Still, help seemed on the way. The nation’s No.1 recruiting class couldn’t fail to bring glory back to Westwood—right?
Instead, 12 games into the Shabazz Muhammad-Kyle Anderson era, the Bruins have fallen from No. 13 in the preseason polls to an unranked 9-3.
Even the dazzling point guard play of transfer Larry Drew II hasn’t prevented losses to then-unranked Georgetown and (inexplicably) Cal Poly.
Over the course of 2011-12, Erick Green established himself as the only useful scorer on a threadbare Virginia Tech roster.
Nevertheless, his 15.6 points and 2.8 assists per game (both team highs) hardly prepared the Hokie faithful for the show he has put on since the new season began.
The 6’3” senior has soared to No. 1 in the nation in scoring at 25.4 points a night.
Remarkably, he’s also elevated his passing performance, dealing out 4.6 assists per contest with the help of another VT surprise: junior Jarell Eddie and his 15.1 points a game.
On January 11th, Illinois was 15-3 and fresh off an upset of then-No. 5 Ohio State.
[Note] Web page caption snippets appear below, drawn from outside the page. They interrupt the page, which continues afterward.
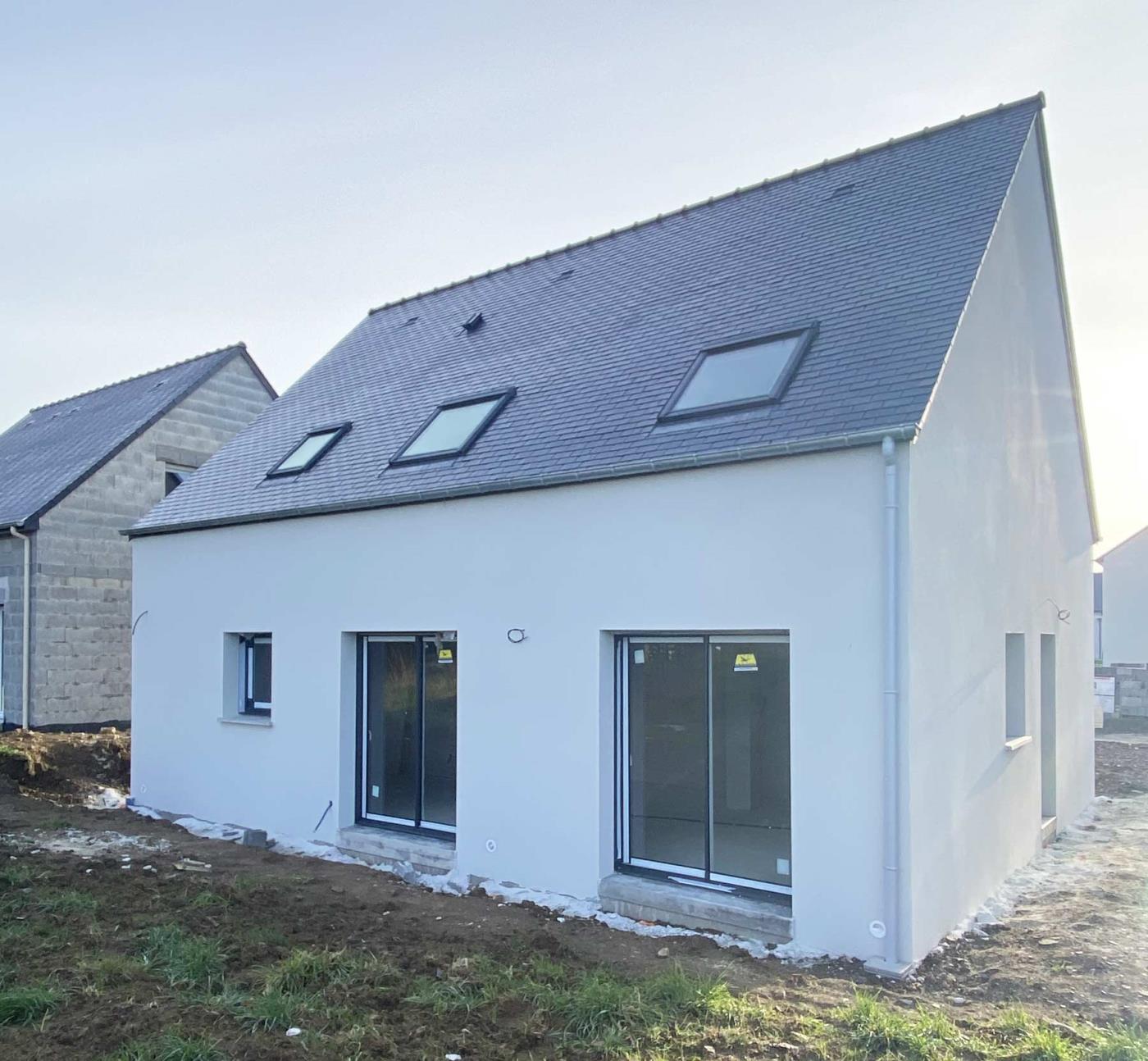 Maison traditionnelle sur Dinan - Constructueur de maison individuelle Les Maisons ARBA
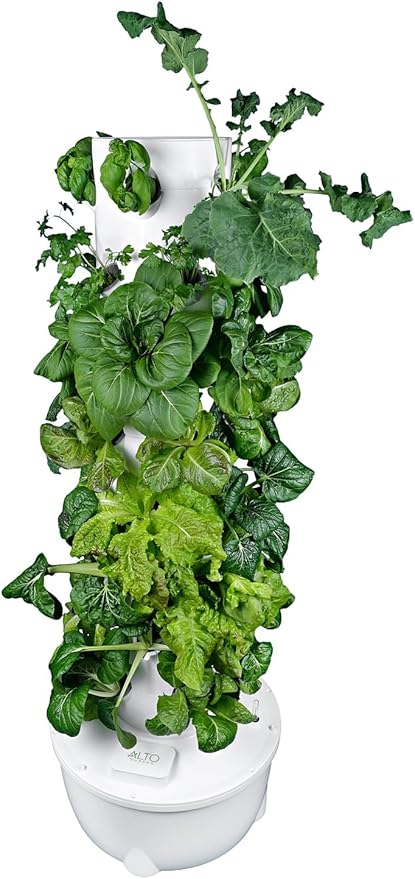 HX Hydroponic Tower | High Capacity Tower | Hydroponics Growing System Kit | Food Grade with 40 Net Pots (Without Lights)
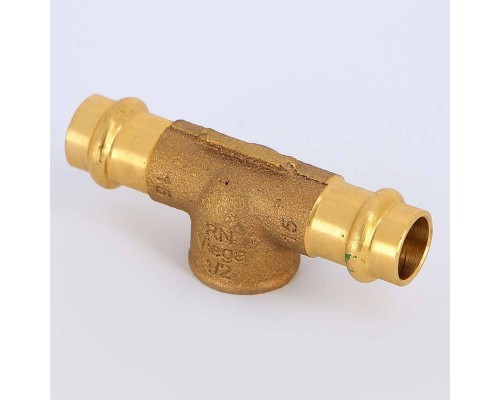 Тройник пресс-В бронза Sanpress VIEGA 15х1/2"х15 Тройник пресс-В бронза Sanpress VIEGA 15х1/2"х15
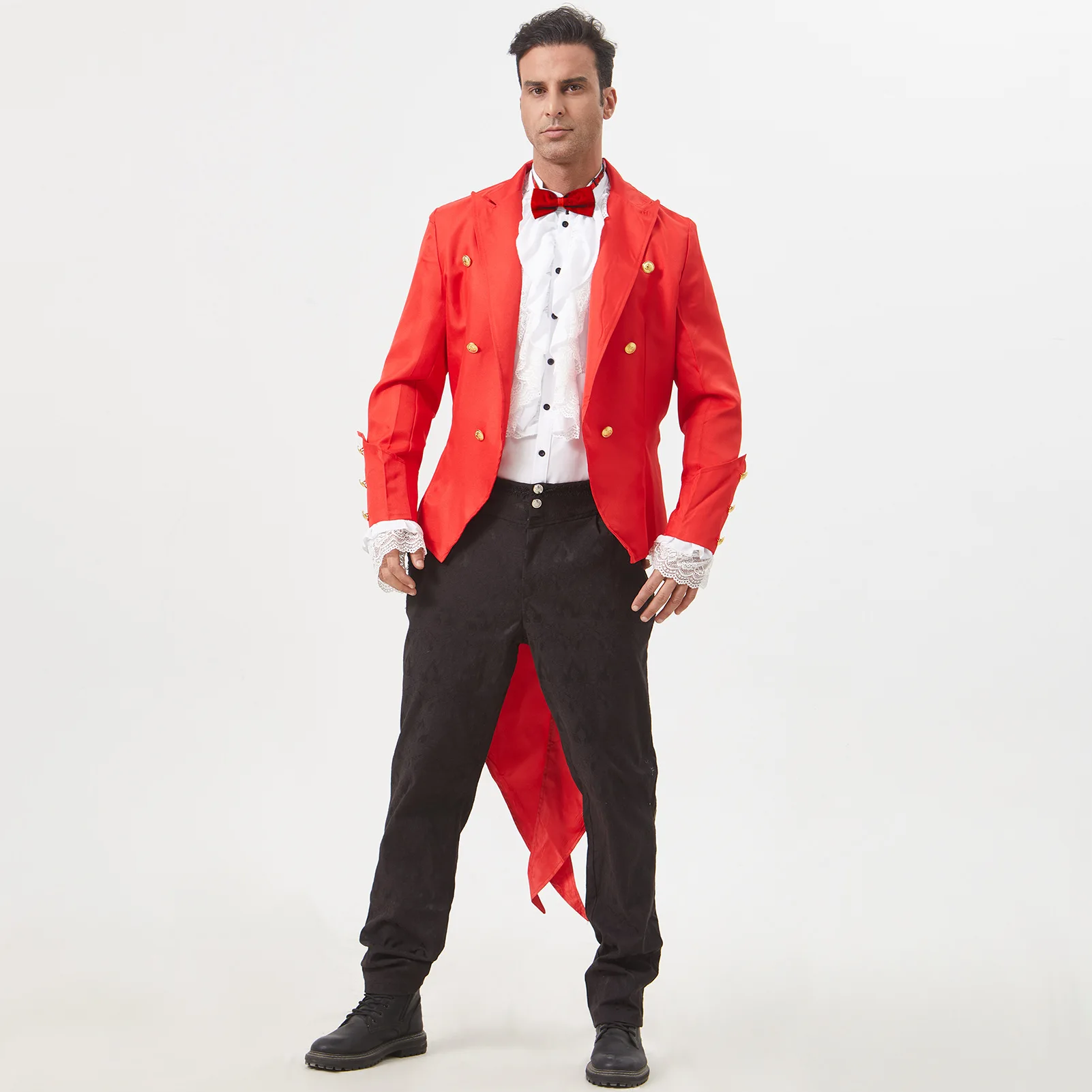 معطف خلفي عتيق من القرون الوسطى دكتور مع ربطة عنق متوسطة الطول زي سيسا وصل حديثًا من الصين للنساء صيف 2025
The Illini then suffered through three of the worst months for any team in the nation, going 2-12 to close the season and losing prize center Meyers Leonard to the NBA.
In spite of the seven-foot Leonard’s departure (and the lack of any serious inside presence to replace him), the Illini bounced back to win 12 in a row this fall under new coach John Groce.
A hard-fought loss to an outstanding Missouri squad on Saturday hardly diminishes a red-hot start that included a Maui Invitational title and a road win at then-No. 10 Gonzaga.
In five seasons since making his head-coaching debut, Frank Martin had molded Kansas State into a consistent winner.
After the defensive-minded Wildcats fell to Syracuse in March, though, Martin pulled off a change of direction that would’ve made SG Rodney McGruder proud.
The coach announced that he was leaving his successful program to take over at South Carolina. The Gamecocks hadn’t made an NCAA Tournament in eight years or posted a winning record in four.
Whatever Martin’s reasons for the switch, he’s making the best of it. His new team is off to an 8-3 start, even if a home loss to Elon does portend trouble against SEC foes.